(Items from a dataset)
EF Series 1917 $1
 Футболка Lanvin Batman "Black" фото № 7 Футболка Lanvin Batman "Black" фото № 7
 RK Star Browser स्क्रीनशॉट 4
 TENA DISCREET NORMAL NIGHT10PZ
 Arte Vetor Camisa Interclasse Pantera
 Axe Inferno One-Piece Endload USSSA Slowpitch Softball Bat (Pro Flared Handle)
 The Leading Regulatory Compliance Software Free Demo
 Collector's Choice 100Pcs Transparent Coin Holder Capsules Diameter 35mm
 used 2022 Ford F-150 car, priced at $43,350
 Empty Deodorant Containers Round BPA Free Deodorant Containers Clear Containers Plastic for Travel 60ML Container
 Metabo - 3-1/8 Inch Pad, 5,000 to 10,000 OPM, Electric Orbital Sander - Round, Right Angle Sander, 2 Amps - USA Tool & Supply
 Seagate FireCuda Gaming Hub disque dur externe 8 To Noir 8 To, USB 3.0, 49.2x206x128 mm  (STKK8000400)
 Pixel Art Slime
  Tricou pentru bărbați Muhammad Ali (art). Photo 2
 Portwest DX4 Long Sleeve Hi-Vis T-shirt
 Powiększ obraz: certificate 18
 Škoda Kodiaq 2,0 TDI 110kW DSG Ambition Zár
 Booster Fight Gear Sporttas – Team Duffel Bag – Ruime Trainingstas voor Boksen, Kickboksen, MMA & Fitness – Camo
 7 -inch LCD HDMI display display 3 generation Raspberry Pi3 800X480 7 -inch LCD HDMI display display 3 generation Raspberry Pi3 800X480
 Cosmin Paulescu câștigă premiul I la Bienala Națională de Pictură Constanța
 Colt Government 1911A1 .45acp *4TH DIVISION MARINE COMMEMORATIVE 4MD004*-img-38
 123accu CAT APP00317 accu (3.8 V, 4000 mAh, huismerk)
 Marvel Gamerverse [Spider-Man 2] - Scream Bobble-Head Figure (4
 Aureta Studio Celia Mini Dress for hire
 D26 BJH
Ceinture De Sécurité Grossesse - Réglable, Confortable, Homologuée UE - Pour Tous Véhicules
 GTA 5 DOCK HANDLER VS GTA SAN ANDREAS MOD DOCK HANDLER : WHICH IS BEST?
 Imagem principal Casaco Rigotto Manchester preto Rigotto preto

Task directions:
Only the data above, repeated exactly, should make up the reply.

Your solution:
EF Series 1917 $1
 Футболка Lanvin Batman "Black" фото № 7 Футболка Lanvin Batman "Black" фото № 7
 RK Star Browser स्क्रीनशॉट 4
 TENA DISCREET NORMAL NIGHT10PZ
 Arte Vetor Camisa Interclasse Pantera
 Axe Inferno One-Piece Endload USSSA Slowpitch Softball Bat (Pro Flared Handle)
 The Leading Regulatory Compliance Software Free Demo
 Collector's Choice 100Pcs Transparent Coin Holder Capsules Diameter 35mm
 used 2022 Ford F-150 car, priced at $43,350
 Empty Deodorant Containers Round BPA Free Deodorant Containers Clear Containers Plastic for Travel 60ML Container
 Metabo - 3-1/8 Inch Pad, 5,000 to 10,000 OPM, Electric Orbital Sander - Round, Right Angle Sander, 2 Amps - USA Tool & Supply
 Seagate FireCuda Gaming Hub disque dur externe 8 To Noir 8 To, USB 3.0, 49.2x206x128 mm  (STKK8000400)
 Pixel Art Slime
  Tricou pentru bărbați Muhammad Ali (art). Photo 2
 Portwest DX4 Long Sleeve Hi-Vis T-shirt
 Powiększ obraz: certificate 18
 Škoda Kodiaq 2,0 TDI 110kW DSG Ambition Zár
 Booster Fight Gear Sporttas – Team Duffel Bag – Ruime Trainingstas voor Boksen, Kickboksen, MMA & Fitness – Camo
 7 -inch LCD HDMI display display 3 generation Raspberry Pi3 800X480 7 -inch LCD HDMI display display 3 generation Raspberry Pi3 800X480
 Cosmin Paulescu câștigă premiul I la Bienala Națională de Pictură Constanța
 Colt Government 1911A1 .45acp *4TH DIVISION MARINE COMMEMORATIVE 4MD004*-img-38
 123accu CAT APP00317 accu (3.8 V, 4000 mAh, huismerk)
 Marvel Gamerverse [Spider-Man 2] - Scream Bobble-Head Figure (4
 Aureta Studio Celia Mini Dress for hire
 D26 BJH
Ceinture De Sécurité Grossesse - Réglable, Confortable, Homologuée UE - Pour Tous Véhicules
 GTA 5 DOCK HANDLER VS GTA SAN ANDREAS MOD DOCK HANDLER : WHICH IS BEST?
 Imagem principal Casaco Rigotto Manchester preto Rigotto preto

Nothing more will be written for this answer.